Perhaps most worryingly, it is not clear that any concrete steps toward ending the cycle of impunity have been taken. Although government ministers vigorously insisted to IPI and IFJ that the government was now seriously looking into the numerous journalist killings in recent years, particularly those of editor Lasantha Wickrematunge and cartoonist Prageeth Eknaligoda, officials were cool to the idea of creating a presidential commission on impunity. This is unfortunate, as such a commission would encourage much-needed efficiency and accountability.

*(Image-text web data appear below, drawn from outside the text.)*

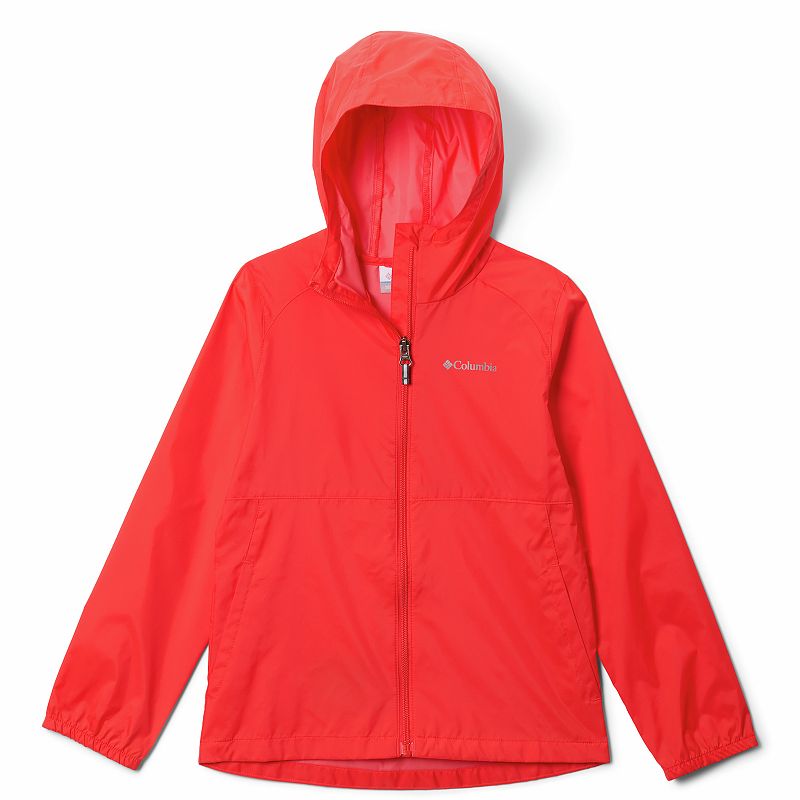 4-20 Columbia Switchback II Rain Jacket, Girl's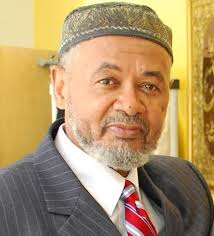 Imam Khalil A. Akbar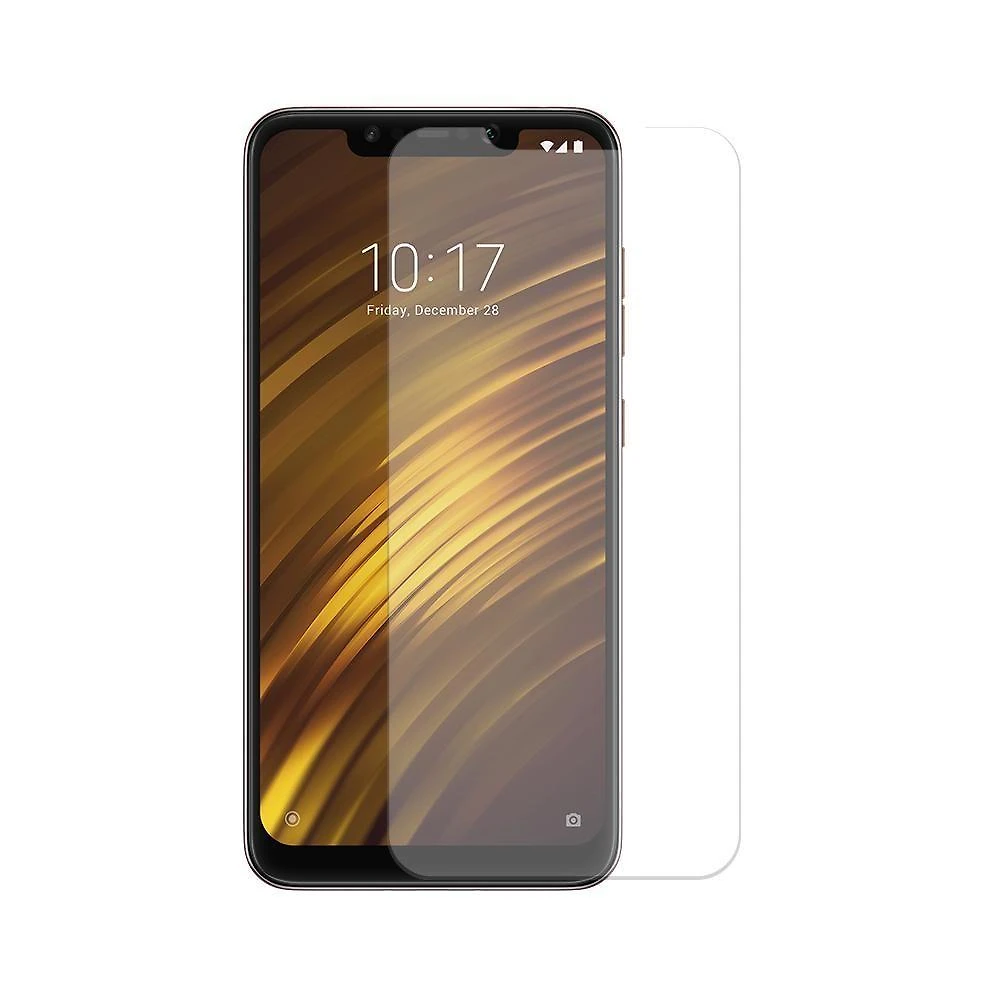Película De Vidro Basica Para Xiaomi Pocophone F1
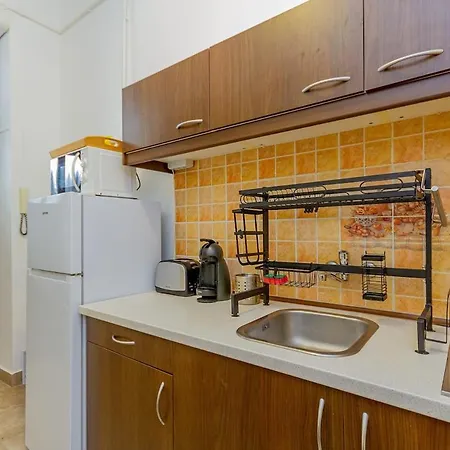 Апартаменты A57 Downtown Cosy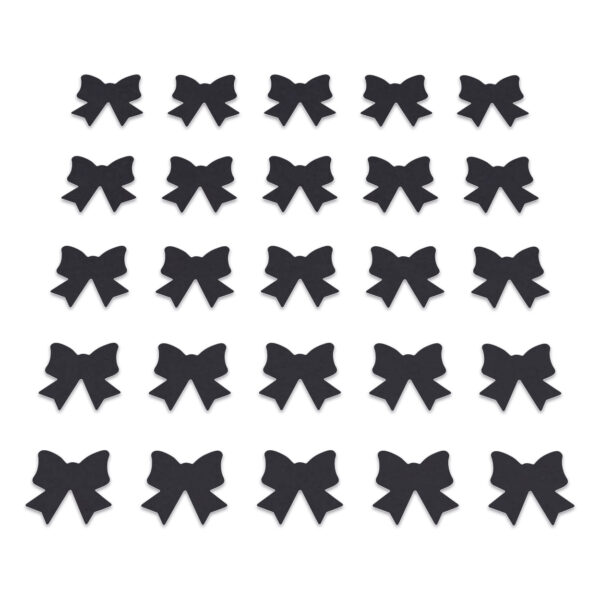 Bow - Black Card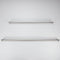 KitchenAid® 30-IN Bottom Mount Refrigerator Handle Kit with Red Medallions for Panel-Ready Models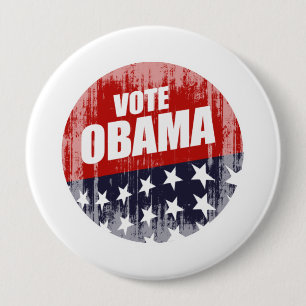 Badge Rond 10 Cm BOUTON VOTE OBAMA Vintage.png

The Sirisena administration’s desire to improve the press freedom situation in Sri Lanka seems genuine. But in Sri Lanka, as everywhere, reforms can stall and priorities shift. The government has a tremendous window of opportunity now to dispense with the past and forge a new relationship with media – one based on respect for the rule of law and the media’s role in democratic society. As time goes by, that window will become narrower and the latent mistrust among journalists will start to calcify. For its part, the international community will need to keep its own eyes open and not let up pressure.
Now that the first 100 day period is over, let’s hope the next one goes lighter on the hope and heavier on the results.